About this task: For each entry, repeat the text exactly and omit any picture it holds.

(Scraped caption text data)
________
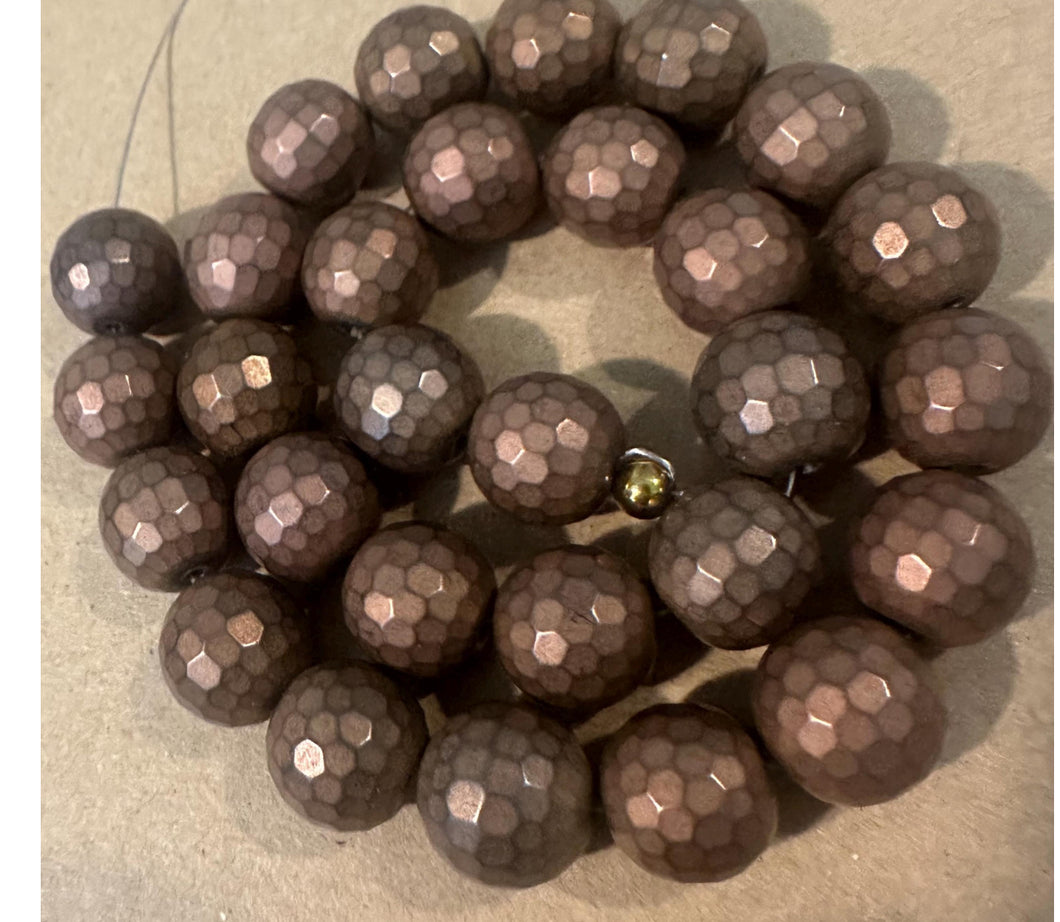 Matte copper beads 12mm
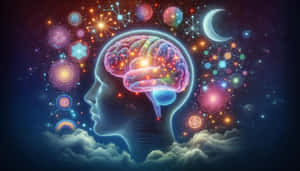 Cosmic Dreamscape Brain Illustration Wallpaper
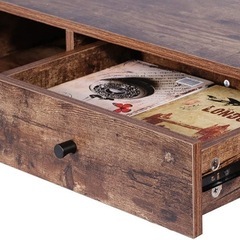 パソコンデスク 引き出し付き デスク 机 メタル脚 レトロブラウン 幅100×奥行48×高さ76cm  新品の画像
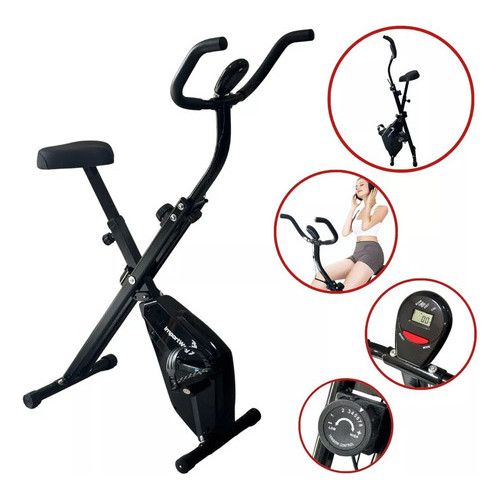 Bicicleta Ergométrica Importway Vertical Dobrável Fly 2kg Portátil Preto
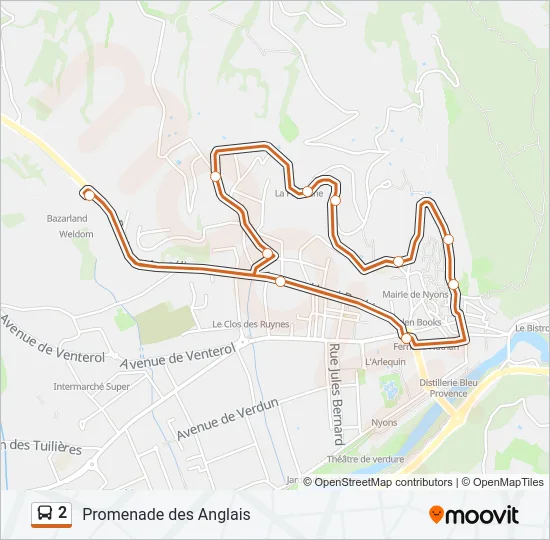 2 Bus Line Map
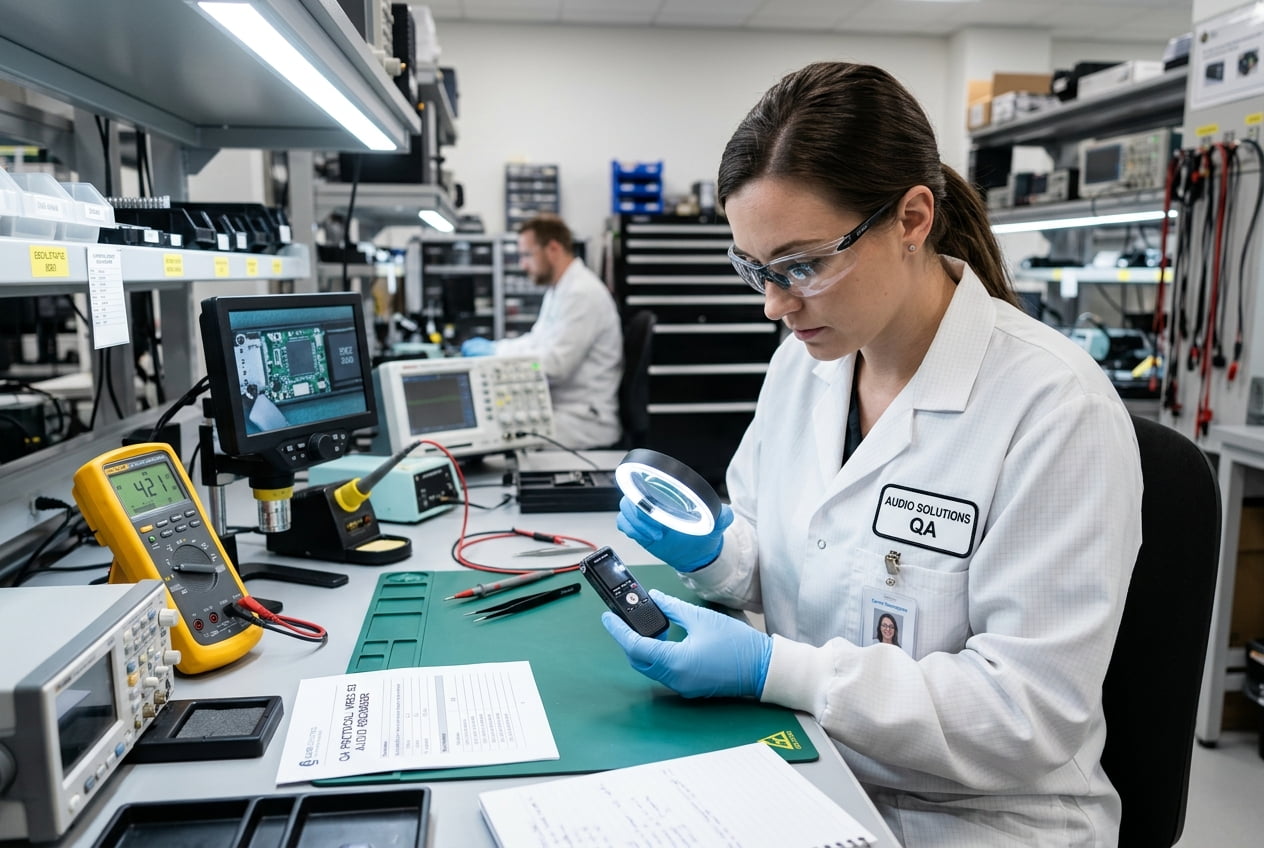 Quality control professional inspecting a spy voice recorder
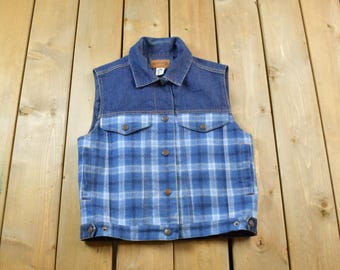 Vintage 1980s Pendleton Wool Vest / Western Wear / Plaid Pattern / Made In Hong Kong / South Western / Pendleton / High Grade / Denim Vest
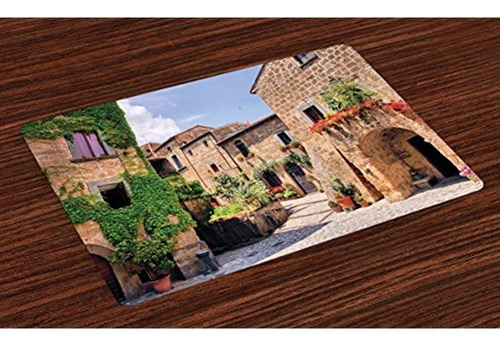 Lunarable Tuscany Place Mats Set De 4 Calles Italianas En El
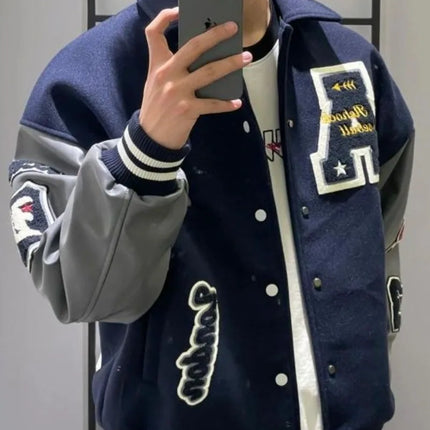Men's Navy Blue Short Baseball Jacket Spring Autumn Embroidery Single Breasted Long Sleeves Turndown Collar Jackets Coat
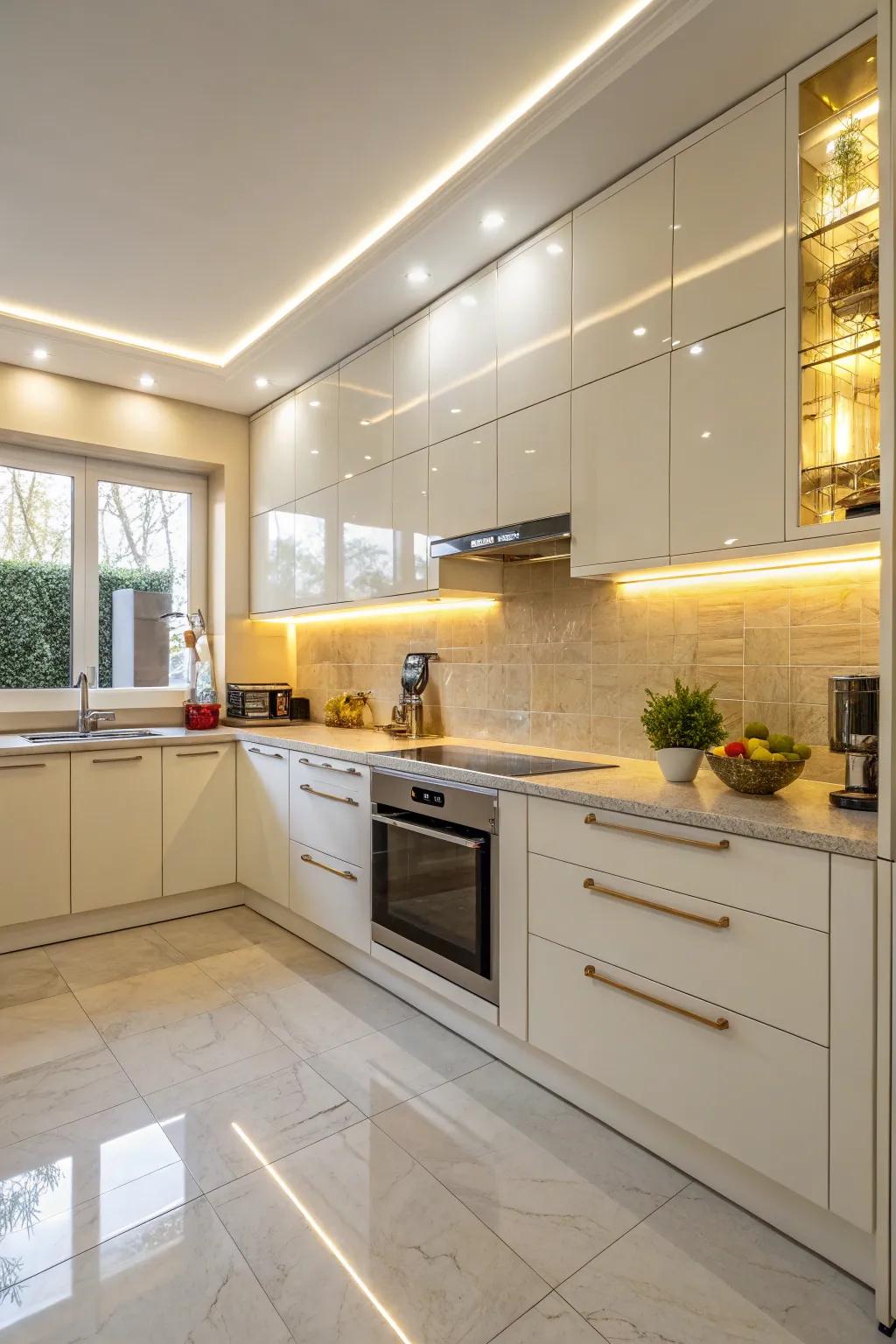 Shiny composite backsplash reflects light to brighten the space.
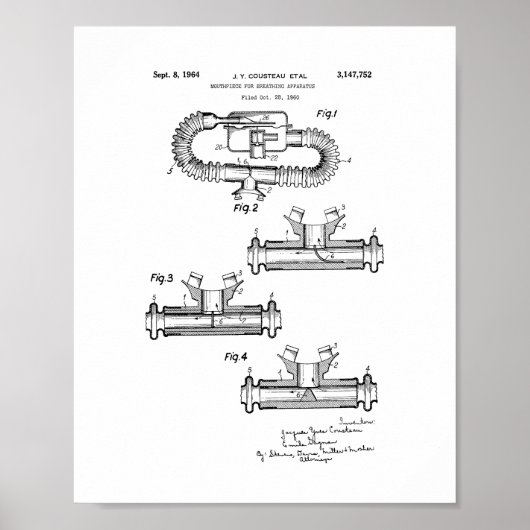 Jacques Cousteau Mundstück zum Atmen Apparatu Poster (Vorne)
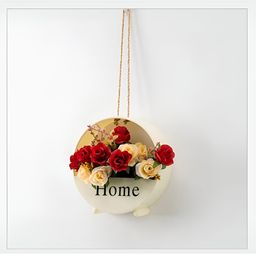 VAH Kya Bat Hai !! Yellow & Red Wooden Flower Pot Holder-52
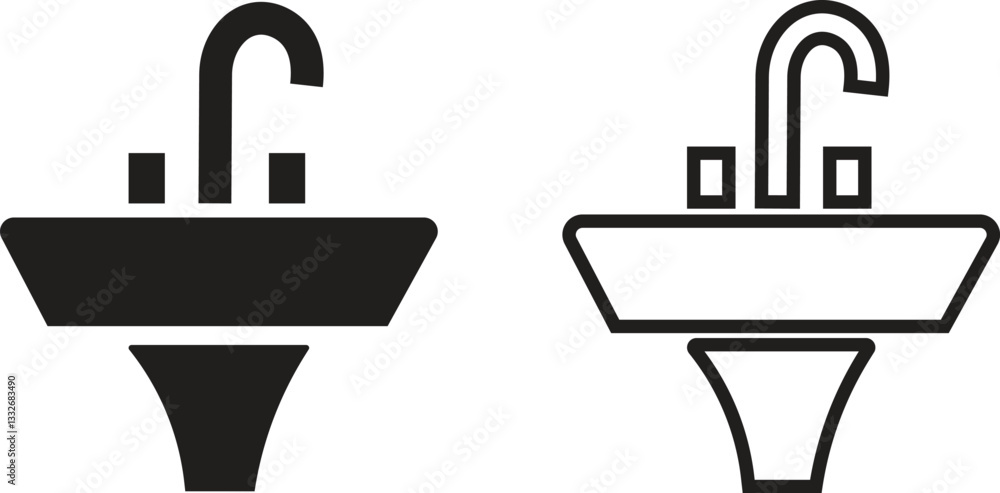 sink unit icon in flat, line set use for kitchen and bathroom washbasin sign isolated on transparent background sink unit icon in flat, line set use for kitchen and bathroom washbasin sign isolated on transparent background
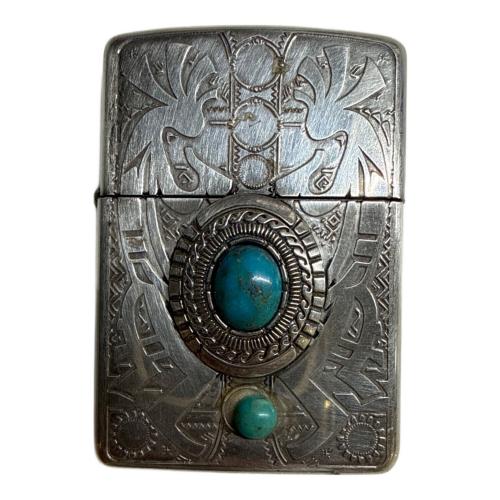 ZIPPO (ジッポ) オイルライター 2019年製 ターコイズ ※石取れ有 グラツキ有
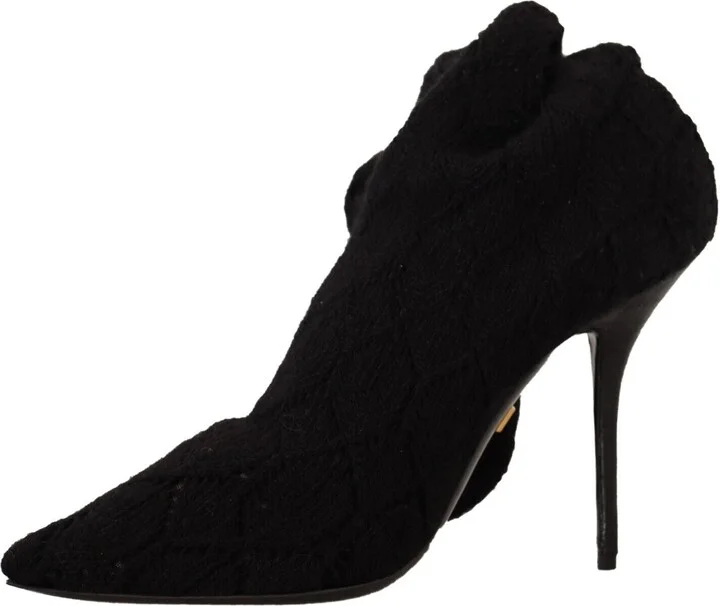 Black Stretch Socks Knee High Booties Women's Shoes - Image 5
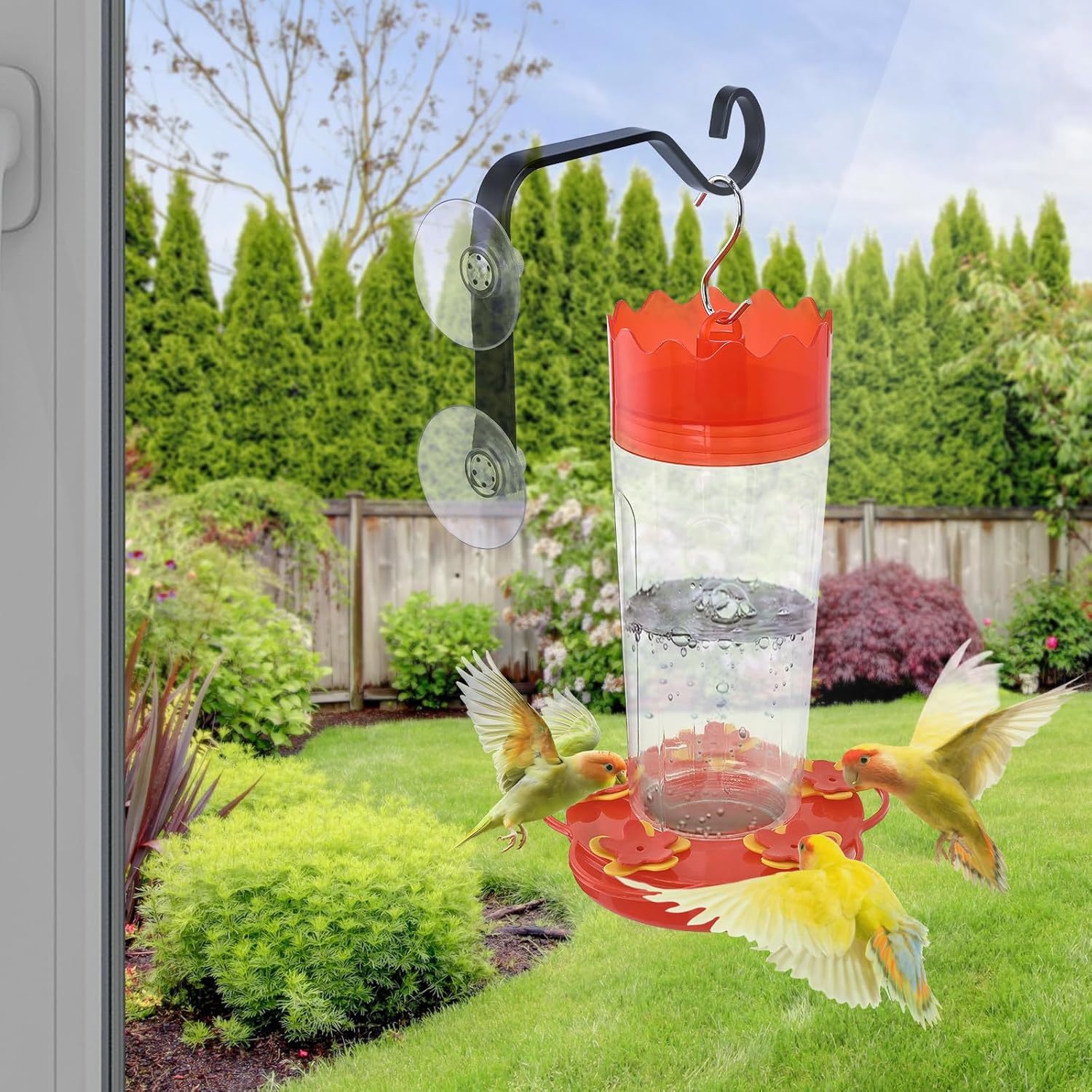 2 Pcs Heavy-Duty Window Suction Cup with Hanger, Window Mounted Wildlife, Hummingbird, Bird Feeders, Decorative Birdhouses, Wind Chimes & Plants, Strong Load-Bearing Hanging Hook - Image 3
________
Written reply:
 Matte copper beads 12mm
 Cosmic Dreamscape Brain Illustration Wallpaper
 パソコンデスク 引き出し付き デスク 机 メタル脚 レトロブラウン 幅100×奥行48×高さ76cm  新品の画像
 Bicicleta Ergométrica Importway Vertical Dobrável Fly 2kg Portátil Preto
 2 Bus Line Map
 Quality control professional inspecting a spy voice recorder
 Vintage 1980s Pendleton Wool Vest / Western Wear / Plaid Pattern / Made In Hong Kong / South Western / Pendleton / High Grade / Denim Vest
 Lunarable Tuscany Place Mats Set De 4 Calles Italianas En El
Men's Navy Blue Short Baseball Jacket Spring Autumn Embroidery Single Breasted Long Sleeves Turndown Collar Jackets Coat
 Shiny composite backsplash reflects light to brighten the space.
 Jacques Cousteau Mundstück zum Atmen Apparatu Poster (Vorne)
 VAH Kya Bat Hai !! Yellow & Red Wooden Flower Pot Holder-52
 sink unit icon in flat, line set use for kitchen and bathroom washbasin sign isolated on transparent background sink unit icon in flat, line set use for kitchen and bathroom washbasin sign isolated on transparent background
 ZIPPO (ジッポ) オイルライター 2019年製 ターコイズ ※石取れ有 グラツキ有
 Black Stretch Socks Knee High Booties Women's Shoes - Image 5
 2 Pcs Heavy-Duty Window Suction Cup with Hanger, Window Mounted Wildlife, Hummingbird, Bird Feeders, Decorative Birdhouses, Wind Chimes & Plants, Strong Load-Bearing Hanging Hook - Image 3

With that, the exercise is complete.